**What is needed:** Retype the lines below exactly, from the one that contains "Volvo S60 Kinetic 1.6 DRIVe 115pk NAVI #3" through the last, and leave every picture out.

**Data section:**
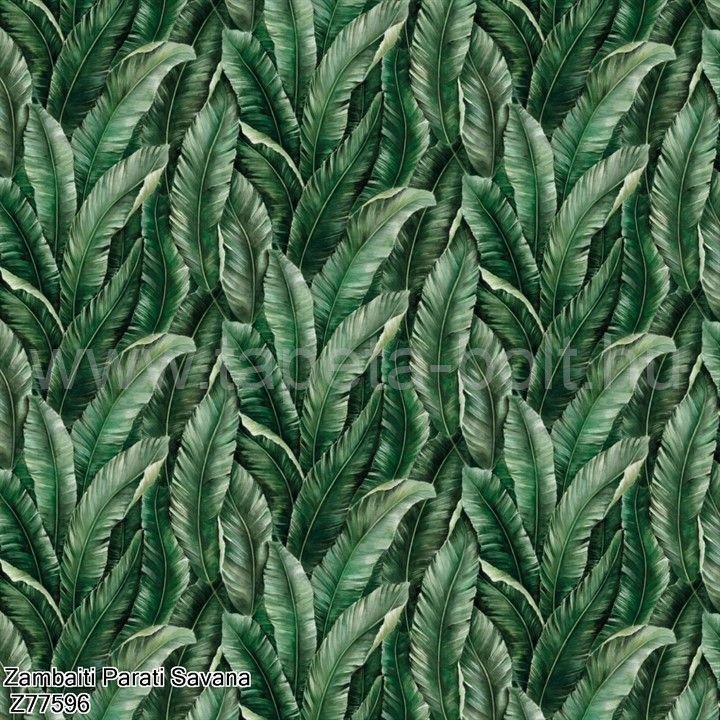 Zambaiti Parati Savana Z77596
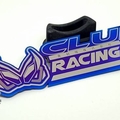 Racing S CLUB 雷霆先鋒S 總社團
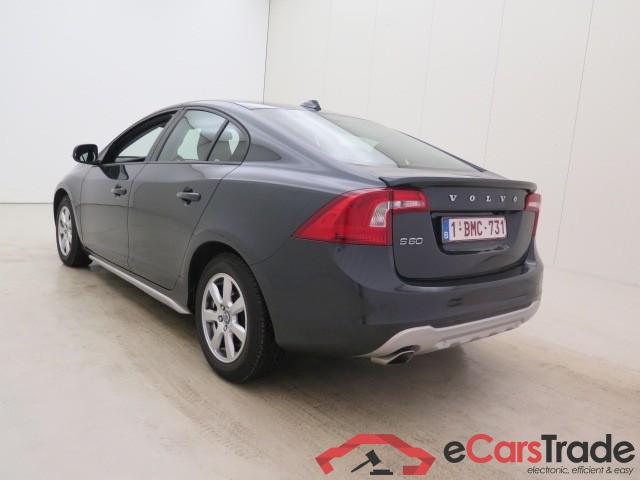 Volvo S60 Kinetic 1.6 DRIVe 115pk NAVI #3
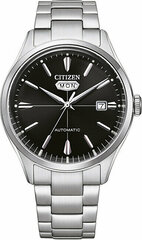 Citizen Элегантный C7 Автоматическая NH8391-51EE цена и информация | Мужские часы | 220.lv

**Task output:**
 Volvo S60 Kinetic 1.6 DRIVe 115pk NAVI #3
 Citizen Элегантный C7 Автоматическая NH8391-51EE цена и информация | Мужские часы | 220.lv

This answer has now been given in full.